Monday, June 29, 2020

Numbers

 Numbers

An int can be unlimited length.

Very small floats are auto converted to scientific notation when you try and print them.

Very large or very small floats auto convert to an a.bEd format on print. a is a single digit when d is positive. d can be positive or negative and must be greater than 13 or any negative integer to get the auto conversion to occur. Otherwise, the scientific notation is expanded out and a decimal point is used.


population  = 327E+6

print(population)

# result is:
327000000.0

-----------------

population  = 327E+14

print(population)

# result is:

3.27E+16

-----------------

population  = 327E+13

print(population)

# result is:

3270000000000000.0

-----------------------


population  = 327E-1

print(population)

# result is:

32.7

-----------------------


Math can be performed on very small float numbers, even if it means making them smaller.
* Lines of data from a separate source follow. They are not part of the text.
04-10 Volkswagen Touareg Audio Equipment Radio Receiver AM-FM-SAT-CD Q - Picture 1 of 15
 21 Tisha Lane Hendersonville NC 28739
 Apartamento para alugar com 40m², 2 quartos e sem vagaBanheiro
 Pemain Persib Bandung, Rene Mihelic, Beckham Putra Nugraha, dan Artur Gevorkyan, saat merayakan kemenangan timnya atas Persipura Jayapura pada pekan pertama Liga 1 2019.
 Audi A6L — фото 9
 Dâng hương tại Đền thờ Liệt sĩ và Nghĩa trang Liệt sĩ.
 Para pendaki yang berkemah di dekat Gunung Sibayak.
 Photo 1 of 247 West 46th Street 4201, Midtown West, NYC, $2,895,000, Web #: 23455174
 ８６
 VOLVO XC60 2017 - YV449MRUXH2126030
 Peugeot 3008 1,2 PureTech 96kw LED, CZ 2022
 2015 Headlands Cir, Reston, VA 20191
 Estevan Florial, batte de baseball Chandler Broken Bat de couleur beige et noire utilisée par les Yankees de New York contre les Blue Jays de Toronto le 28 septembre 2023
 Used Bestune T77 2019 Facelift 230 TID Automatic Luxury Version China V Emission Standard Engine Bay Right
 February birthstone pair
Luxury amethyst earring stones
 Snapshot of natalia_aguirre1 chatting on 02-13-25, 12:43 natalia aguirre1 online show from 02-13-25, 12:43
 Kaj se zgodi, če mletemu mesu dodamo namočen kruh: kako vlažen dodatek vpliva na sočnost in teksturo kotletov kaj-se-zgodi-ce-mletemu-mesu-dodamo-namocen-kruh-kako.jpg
Printing a complex number that only has a negative imaginary part will format with a -0 for the real part.

imag = -9j

print(imag)

# result is:

-0-9j

pos_imag = 9j

print(pos_imag)

# result is:

9j

import the random module

There is a randrange() function that takes two integers A&B. The range covered is from A to B-1 inclusive. B must be greater than A.

randrange(1,8) covers from 1 to 7 and returns an integer.








Saturday, June 27, 2020

User Input and String Formatting

 User Input


Use the input() function to return a value to the variable. The input function has an optional string prompt that can be displayed to the screen. Python code will wait indefinitely for user input. 


basket = input("groceries to buy?:")
print("The food is ", basket)


After typing in the response to the keyboard at the input function's prompt, just press Enter to move the code along.


String Formatting


Use the format() function with arguments passed into the format function which will match up with pairs of curly braces in a string variable from left to right.


vacations = "There are {} , {} and {} islands."

# format is a member function of the vacations string object.
# just by making a string assignment, you have created a string 
# object and you do not need a constructor for that.

print(vacations.format("Caribbean", "Greek", "Japanese"))

# result is:

There are Caribbean, Greek, and Japanese islands.

Leaving out the curly braces in the string variable with a call to the format function will just ignore any arguments in the format function and print null instead.

vacations = "There are  ,  and islands."

# format is a member function of the vacations string object.

print(vacations.format("Caribbean", "Greek", "Japanese"))

# result is:

There are  ,  and islands.


In the case if you make a mistake where you have more curly braces in a target variable than arguments into the format function, python returns a IndexError: tuple index out of range response.

vacations = "There are {} , {} and {} islands."

# format is a member function of the vacations string object.

print(vacations.format("Caribbean", "Greek"))

# result is:

IndexError: tuple index out of range


If however on the other hand, you have a number of arguments passed into the format() which exceed the number of {} then the extra rightmost arguments are ignored and no errors are generated.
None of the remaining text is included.